Natasha and I had great intentions when we decided to create this blog earlier this year. We had hoped that blogging would help us motivate ourselves (and motivate each other) to stick with it... to keep up with goals we had each set for ourselves at the beginning of the year. As you can tell, neither of us have kept up with the blog so far. And despite the optimism I presented in my last blog post, my dedication has significantly waned.

In my last post, I mentioned that I had recently fallen back on bad work habits. I have a tendency to do this. I want to make others happy and I don't like to burden anyone, so I take on more than I should. That said, I promised to be better. I promised to say no, and I promised to only take on what I could. And I failed. Miserably. March became a month of too much. I worked too much overtime, repeatedly staying past "lights out." I took on too many projects. I committed to too many things. Yet... the things that I should have committed more to? The things that I was hellbent on changing this year? The things that Natasha and I are blogging about in this blog? Yeah... those things I didn't pay much attention to at all. And I've been miserable, sad, tired, and angry. 

What the hell, man?!? Why is it that I'm able to forgo a social life, forgo a healthy lifestyle, and overly commit to work when I seemingly can't (read: won't) commit to something better? To things I am actually passionate about? Am I a masochist? Do I really derive some sort of pleasure from avoiding things that I enjoy?

About a week ago, I met someone who has completely dedicated their life to fitness. He lives and breathes it, and spends his free time helping others do the same. Talking to him and hearing the passion he has for the gym reminded me how much I really do love working out. I know, I know... a chubster like me with an affinity for cupcakes surely can't be serious. And a chubster like me surely is a chubster because I don't like working out... right? But... I love pushing my body to do things that I didn't think chubster non-athletes could accomplish. I love the feel of sweat on my brow.

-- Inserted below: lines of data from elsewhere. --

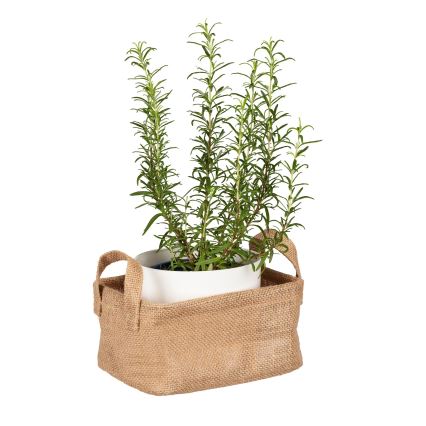 WENKO 64470100 - Καλάθι JUNA 20x15 cm καφέ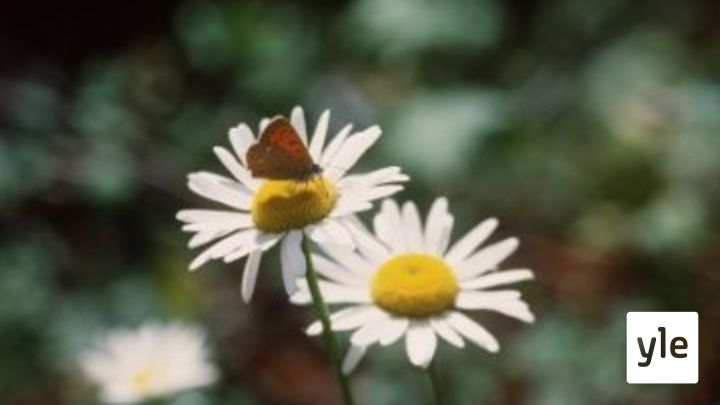 Luontoretkien luonnontuntemus on vaihtunut ympäristökasvatukseen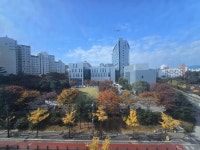 레피리움시그니처 신내점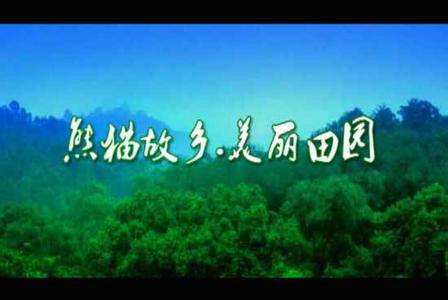 城市宣传片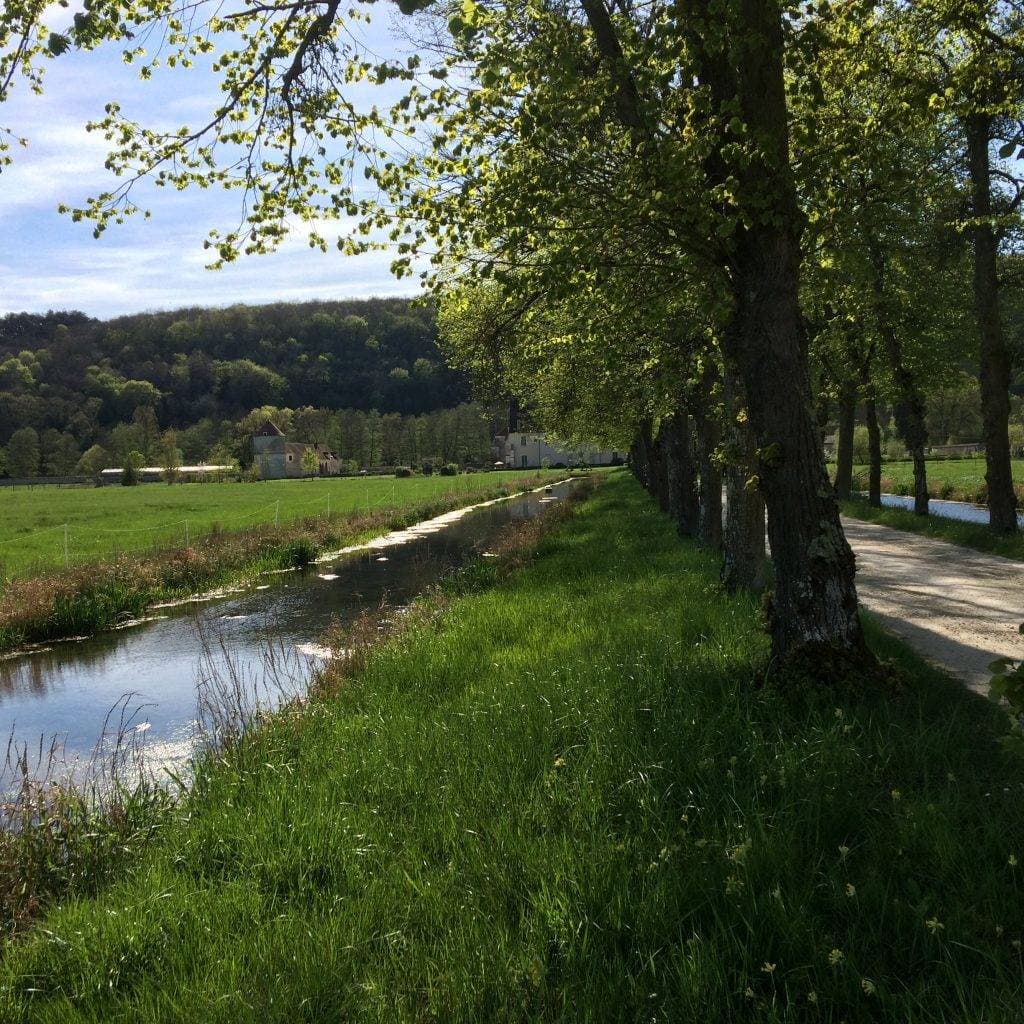 L'Abbaye de Reigny et le logis Saint-François 38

I enjoy watching my heart rate climb in parallel with the incline on the treadmill. Will I ever look like my new friend or his friends? No. Is that ok? Hellz yes! 

I make many promises to myself, and rarely keep them. A healthy person does not do healthy things as a fad - they choose to make their health a lifestyle. And yes - I said choose. We do not have to settle for mediocrity. We do not have to settle for unhealthy lifestyles that make us tired, sick, and depressed. So why do we do it? Why do we let ourselves fall to such dangerous and unhealthy habits? Why does anyone do things that don't promote a happier self?

I have many, many goals for the remainder of 2015. Some of these goals align with this blog, some don't. But... in an effort to be a happier, healthier Becks... I'm going to put a concerted effort into each and every one of them. I don't want this blog to be a cliche, rife with broken promises and unrealized dreams. I'm 35 freaking years old, dang it... Life is short, and it passes by quickly. I don't want to blink and miss it! Here's hoping I have a new blog post soon to update you on my progress. (And for the one reader who actively tells me to keep this up... thank you! This week's workouts are for you, my friend!).

Cheers!

Becky

1 comment:

  1. Way to go Becky! It's going to be hard but you can do it, one milestone at a time!